O Vasco empatou com o Náutico neste domingo (18) e perdeu a chance de entrar pela primeira vez no G-4 da Série B do Brasileirão. A equipe de São Januário ocupa momentaneamente a oitava colocação, com dois pontos a menos que o CRB, atual quarto colocado.

Após a partida, o treinador Marcelo Cabo lamentou a chance perdida, mas valorizou o ponto conquistado contra o Náutico, líder invicto da competição.

“A gente lamenta de não ter entrado no G4. Jogamos um jogo de seis pontos, onde não deixamos o adversário sair vencedor. Era o líder. Mas saímos chateados com o empate em casa, nunca o Vasco vai se conformar com isso, com um empate dentro de casa. Nós entramos muito convictos em busca da vitória. Tomamos um gol de bola parada e não conseguimos entregar o jogo que pensávamos no primeiro tempo. A equipe foi muito aquém do que pode fazer. Corrigimos no intervalo, saímos do 4-4-2 para o 4-3-3 e nosso jogo melhorou no segundo tempo e fomos mais organizados. Implementamos uma marcação pressão e conseguimos fazer o gol. As alterações surtiram efeito e subimos de produção”, disse.

Sobre mais um gol sofrido de bola aérea, Cabo disse que tem treinado constantemente essa jogada:

“Estivemos muito abaixo no primeiro tempo e tivemos dificuldade para sair da pressão. Retomávamos a bola, mas não conseguíamos construir o jogo. Apesar da bola parada ser um problema, tomamos apenas dois gols assim em 12 jogos. O Náutico deve ter um dos melhores cobradores de bola parada o Brasil. Vimos vídeos, mas a precisão do cobrador quebra toda a marcação. Claro que quando tomamos um gol assim, a contextualização é falha. Mas foi muito mérito dele. Em número de bola parada que eles tiveram no jogo, acho até que nos comportamos bem. Mas temos treinado diariamente para corrigir essa falha.”

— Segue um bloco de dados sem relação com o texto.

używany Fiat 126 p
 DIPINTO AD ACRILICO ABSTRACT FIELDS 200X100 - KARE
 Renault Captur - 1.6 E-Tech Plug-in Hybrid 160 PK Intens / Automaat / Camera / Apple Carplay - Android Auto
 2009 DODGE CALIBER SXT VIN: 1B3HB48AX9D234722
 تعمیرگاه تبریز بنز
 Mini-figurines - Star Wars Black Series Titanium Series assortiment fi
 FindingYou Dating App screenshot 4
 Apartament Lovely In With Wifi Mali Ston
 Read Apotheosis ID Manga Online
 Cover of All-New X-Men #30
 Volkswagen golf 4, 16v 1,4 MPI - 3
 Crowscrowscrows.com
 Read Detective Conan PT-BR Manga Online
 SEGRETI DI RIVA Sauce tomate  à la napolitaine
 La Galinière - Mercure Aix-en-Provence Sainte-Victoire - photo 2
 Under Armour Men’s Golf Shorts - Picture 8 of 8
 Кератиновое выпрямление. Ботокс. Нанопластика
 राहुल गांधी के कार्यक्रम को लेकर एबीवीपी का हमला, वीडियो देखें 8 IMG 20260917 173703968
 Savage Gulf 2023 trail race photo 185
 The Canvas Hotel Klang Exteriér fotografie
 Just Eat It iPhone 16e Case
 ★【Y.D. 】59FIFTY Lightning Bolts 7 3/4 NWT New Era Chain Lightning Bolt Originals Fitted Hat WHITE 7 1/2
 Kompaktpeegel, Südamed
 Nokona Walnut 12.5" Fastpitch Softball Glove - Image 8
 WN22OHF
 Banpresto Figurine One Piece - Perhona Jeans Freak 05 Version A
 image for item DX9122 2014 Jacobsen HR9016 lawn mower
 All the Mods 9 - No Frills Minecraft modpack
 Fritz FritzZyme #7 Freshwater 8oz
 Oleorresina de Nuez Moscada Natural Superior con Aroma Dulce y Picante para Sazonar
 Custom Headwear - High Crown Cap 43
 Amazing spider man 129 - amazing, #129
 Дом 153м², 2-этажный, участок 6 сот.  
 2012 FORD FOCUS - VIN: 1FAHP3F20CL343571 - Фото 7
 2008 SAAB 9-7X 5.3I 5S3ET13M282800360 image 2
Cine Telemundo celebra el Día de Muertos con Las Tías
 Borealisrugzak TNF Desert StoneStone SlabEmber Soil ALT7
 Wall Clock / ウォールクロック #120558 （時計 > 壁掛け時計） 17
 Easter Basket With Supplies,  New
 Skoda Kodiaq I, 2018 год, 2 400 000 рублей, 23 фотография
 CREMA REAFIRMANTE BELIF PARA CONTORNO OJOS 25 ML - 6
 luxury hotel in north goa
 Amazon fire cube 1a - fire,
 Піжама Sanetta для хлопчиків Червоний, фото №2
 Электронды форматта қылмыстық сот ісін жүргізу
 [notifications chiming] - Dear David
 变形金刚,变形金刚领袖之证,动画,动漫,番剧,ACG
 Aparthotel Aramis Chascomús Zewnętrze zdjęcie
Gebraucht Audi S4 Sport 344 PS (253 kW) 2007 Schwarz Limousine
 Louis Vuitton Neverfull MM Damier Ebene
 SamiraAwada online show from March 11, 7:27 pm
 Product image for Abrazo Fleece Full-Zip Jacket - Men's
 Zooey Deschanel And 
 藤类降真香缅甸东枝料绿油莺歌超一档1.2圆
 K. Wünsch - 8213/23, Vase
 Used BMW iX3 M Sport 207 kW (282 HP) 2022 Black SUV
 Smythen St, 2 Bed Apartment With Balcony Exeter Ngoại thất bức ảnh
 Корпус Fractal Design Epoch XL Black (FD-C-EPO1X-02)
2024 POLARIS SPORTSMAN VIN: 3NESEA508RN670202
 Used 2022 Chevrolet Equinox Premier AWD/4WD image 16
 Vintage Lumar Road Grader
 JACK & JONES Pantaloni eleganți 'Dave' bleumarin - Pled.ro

O treinador falou também sobre o garoto Arthur Salles, que mais uma vez entrou bem no jogo e deu assistência para o gol de empate; e sobre as críticas ao meia Marquinhos Gabriel:

“O Marquinhos acho que não fez um bom primeiro tempo, mas melhorou bastante no segundo. No primeiro ele foi buscar muito a bola nos pés dos volantes e perdemos força ofensiva. Mas ainda não foi aquele Marquinhos que a gente sabe que pode render. Mas teve entrega, se posicionou melhor no segundo tempo, criou boas alternativas, conseguiu ajudar a equipe a circular a bola. A expectativa é que ele continue nos ajudando no restante da competição. Sobre o Arthur, a ideia da entrada dele era deixar o time mais agudo. É um atacante, pode jogar de beirada, de 9 ou de segundo atacante. Deu um passe magistral de calcanhar, tirou da cartola e empatamos o jogo. Uma pena que foi no final do jogo. Mas fico muito satisfeito com o crescimento e amadurecimento dele.”

No fim, o treinador foi questionado sobre como fazer o time evoluir:

“O Náutico criou muitas chances em escanteios e conseguiu abrir o placar. Ficando atrás do marcador, fica mais difícil construir as jogadas, pois o adversário se fecha e você tem que mudar o estilo de jogo. No segundo tempo, tivemos a predominância da partida. Contra uma equipe qualificada é claro que a gente vai se expor. Não entramos ainda no G-4 e isso é uma frustração para nós, mas o importante é estar entre os quatro primeiros quando terminar a competição”, finalizou.

O Vasco volta a campo às 21h30 da próxima quarta-feira (21) contra o CSA no Estádio Rei Pelé, o Trapichão, em Maceió/AL. Em seguida, a equipe irá enfrentar o Guarani no próximo sábado (24), em São Januário, no Rio de Janeiro/RJ.